Data for this task:
/---

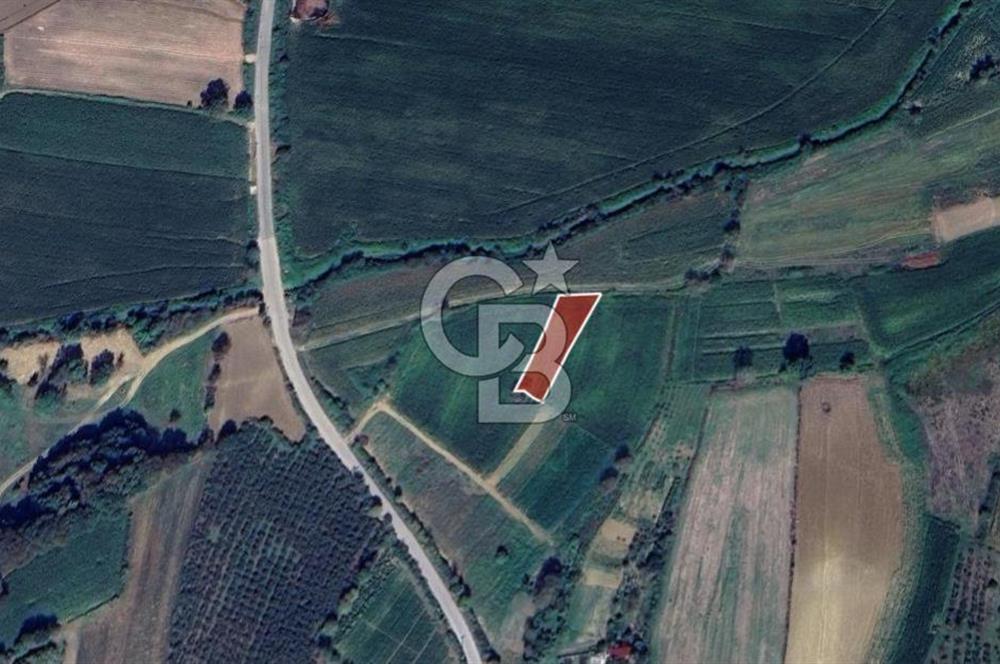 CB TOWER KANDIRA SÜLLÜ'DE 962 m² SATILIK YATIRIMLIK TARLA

\---
/---

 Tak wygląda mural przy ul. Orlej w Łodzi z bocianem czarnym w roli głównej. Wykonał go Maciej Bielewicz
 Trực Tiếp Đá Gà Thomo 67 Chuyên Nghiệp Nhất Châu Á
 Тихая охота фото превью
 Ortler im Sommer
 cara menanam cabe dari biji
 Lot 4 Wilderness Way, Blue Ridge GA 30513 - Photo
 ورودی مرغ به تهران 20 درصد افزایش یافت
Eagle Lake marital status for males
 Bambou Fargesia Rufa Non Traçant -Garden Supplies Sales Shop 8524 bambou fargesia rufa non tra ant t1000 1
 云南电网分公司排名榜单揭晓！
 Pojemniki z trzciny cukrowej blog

\---

Task details: Please transcribe only the lines in the records above running from the line that has "Bambou Fargesia Rufa Non Traçant" through the line that has "Pojemniki z trzciny cukrowej blog", both included, exactly as they appear.

Completed task:
 Bambou Fargesia Rufa Non Traçant -Garden Supplies Sales Shop 8524 bambou fargesia rufa non tra ant t1000 1
 云南电网分公司排名榜单揭晓！
 Pojemniki z trzciny cukrowej blog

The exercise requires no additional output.